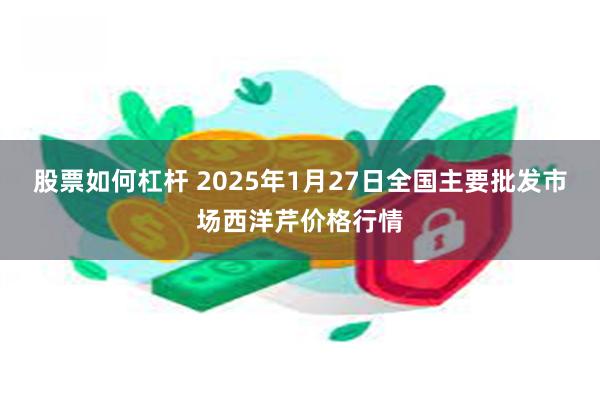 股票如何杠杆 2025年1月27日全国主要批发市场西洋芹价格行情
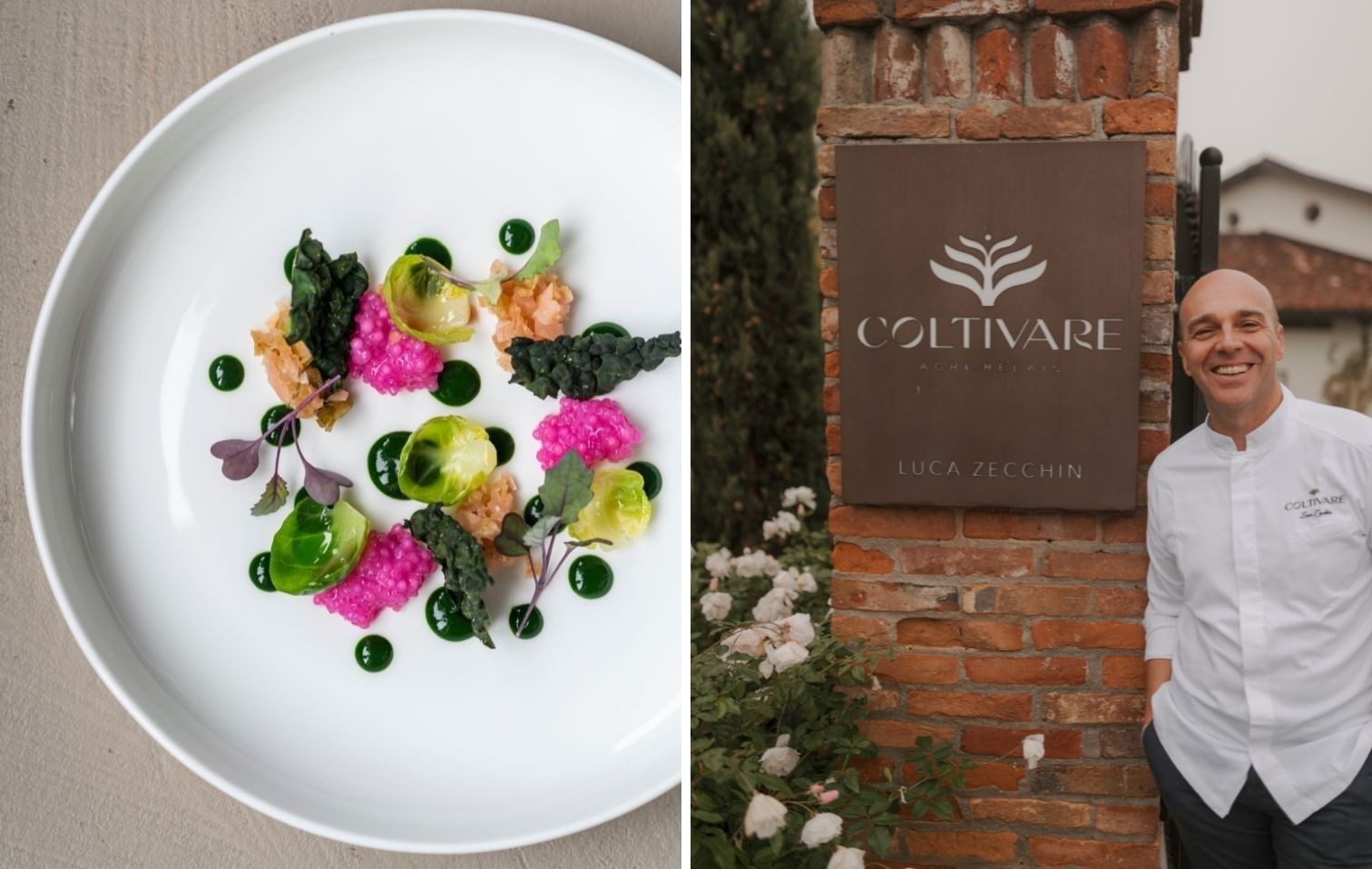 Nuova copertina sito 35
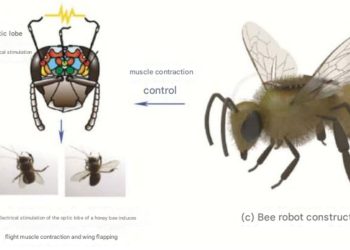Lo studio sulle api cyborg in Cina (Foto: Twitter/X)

··········

- _What you need to do_
Give back exactly the lines from the line with "Nuova copertina sito 35" through the end of the material above, and omit every picture.

- _Task output_
 Nuova copertina sito 35
Lo studio sulle api cyborg in Cina (Foto: Twitter/X)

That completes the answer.